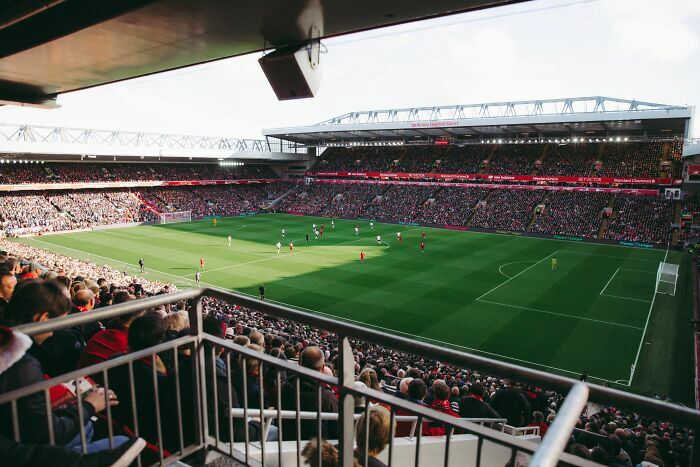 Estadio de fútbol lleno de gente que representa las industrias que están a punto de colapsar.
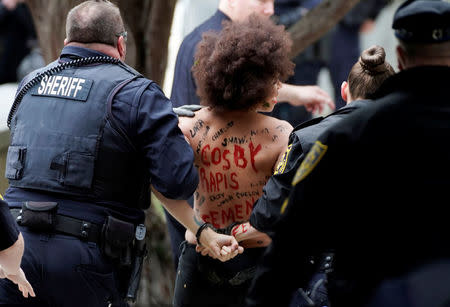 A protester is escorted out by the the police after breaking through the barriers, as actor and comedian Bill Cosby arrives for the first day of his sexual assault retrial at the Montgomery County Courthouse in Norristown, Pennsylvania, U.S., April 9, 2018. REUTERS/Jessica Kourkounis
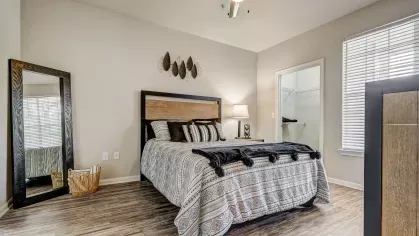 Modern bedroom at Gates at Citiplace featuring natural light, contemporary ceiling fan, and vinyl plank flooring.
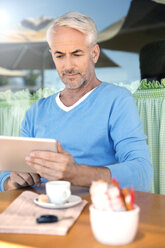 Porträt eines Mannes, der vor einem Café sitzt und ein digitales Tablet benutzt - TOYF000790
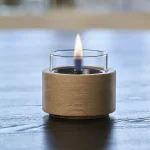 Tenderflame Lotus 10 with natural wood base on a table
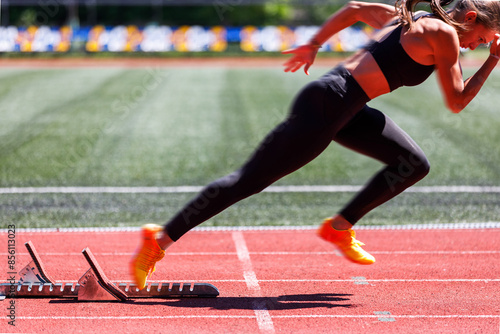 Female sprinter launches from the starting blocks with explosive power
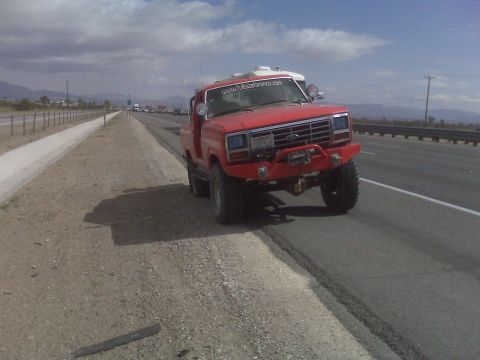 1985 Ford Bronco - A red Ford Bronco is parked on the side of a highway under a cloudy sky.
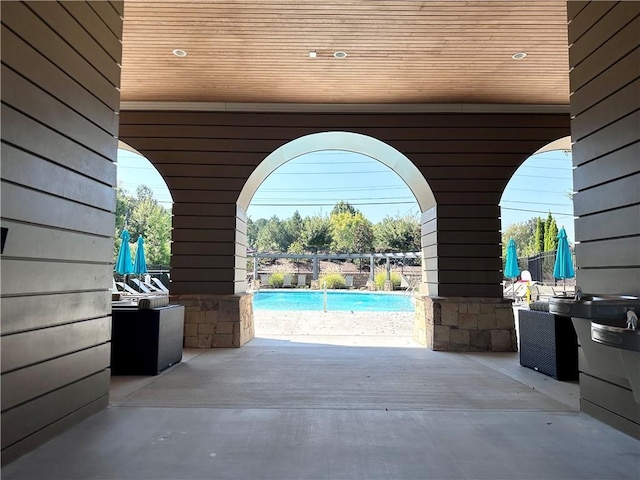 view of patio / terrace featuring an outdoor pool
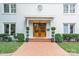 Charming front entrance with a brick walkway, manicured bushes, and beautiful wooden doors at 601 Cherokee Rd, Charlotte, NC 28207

**Prompt:**
In the records above, find the line that contains "1985 Ford Bronco". Retype it and every line after it, exactly, leaving out all pictures.

**Answer to this problem:**
 1985 Ford Bronco - A red Ford Bronco is parked on the side of a highway under a cloudy sky.
 view of patio / terrace featuring an outdoor pool
 Charming front entrance with a brick walkway, manicured bushes, and beautiful wooden doors at 601 Cherokee Rd, Charlotte, NC 28207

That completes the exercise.